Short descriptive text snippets
=-=-=-=-=
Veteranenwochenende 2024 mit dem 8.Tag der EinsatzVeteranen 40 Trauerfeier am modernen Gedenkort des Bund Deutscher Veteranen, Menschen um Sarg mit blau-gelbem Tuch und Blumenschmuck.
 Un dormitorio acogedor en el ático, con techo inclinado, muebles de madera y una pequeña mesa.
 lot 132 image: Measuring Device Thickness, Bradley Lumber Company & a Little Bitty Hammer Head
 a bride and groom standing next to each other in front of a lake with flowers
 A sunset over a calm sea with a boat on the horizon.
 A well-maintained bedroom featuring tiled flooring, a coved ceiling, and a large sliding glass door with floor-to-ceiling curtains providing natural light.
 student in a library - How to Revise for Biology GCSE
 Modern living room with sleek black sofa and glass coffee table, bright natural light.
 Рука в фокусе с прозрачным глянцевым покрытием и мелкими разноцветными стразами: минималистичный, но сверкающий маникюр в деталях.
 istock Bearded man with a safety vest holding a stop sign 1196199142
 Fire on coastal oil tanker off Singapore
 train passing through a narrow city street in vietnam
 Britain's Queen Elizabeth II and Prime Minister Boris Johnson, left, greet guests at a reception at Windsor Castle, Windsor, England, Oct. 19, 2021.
=-=-=-=-=
** BRIEF **
Word for word, copy out all the data given above.

** THE ANSWER **
Veteranenwochenende 2024 mit dem 8.Tag der EinsatzVeteranen 40 Trauerfeier am modernen Gedenkort des Bund Deutscher Veteranen, Menschen um Sarg mit blau-gelbem Tuch und Blumenschmuck.
 Un dormitorio acogedor en el ático, con techo inclinado, muebles de madera y una pequeña mesa.
 lot 132 image: Measuring Device Thickness, Bradley Lumber Company & a Little Bitty Hammer Head
 a bride and groom standing next to each other in front of a lake with flowers
 A sunset over a calm sea with a boat on the horizon.
 A well-maintained bedroom featuring tiled flooring, a coved ceiling, and a large sliding glass door with floor-to-ceiling curtains providing natural light.
 student in a library - How to Revise for Biology GCSE
 Modern living room with sleek black sofa and glass coffee table, bright natural light.
 Рука в фокусе с прозрачным глянцевым покрытием и мелкими разноцветными стразами: минималистичный, но сверкающий маникюр в деталях.
 istock Bearded man with a safety vest holding a stop sign 1196199142
 Fire on coastal oil tanker off Singapore
 train passing through a narrow city street in vietnam
 Britain's Queen Elizabeth II and Prime Minister Boris Johnson, left, greet guests at a reception at Windsor Castle, Windsor, England, Oct. 19, 2021.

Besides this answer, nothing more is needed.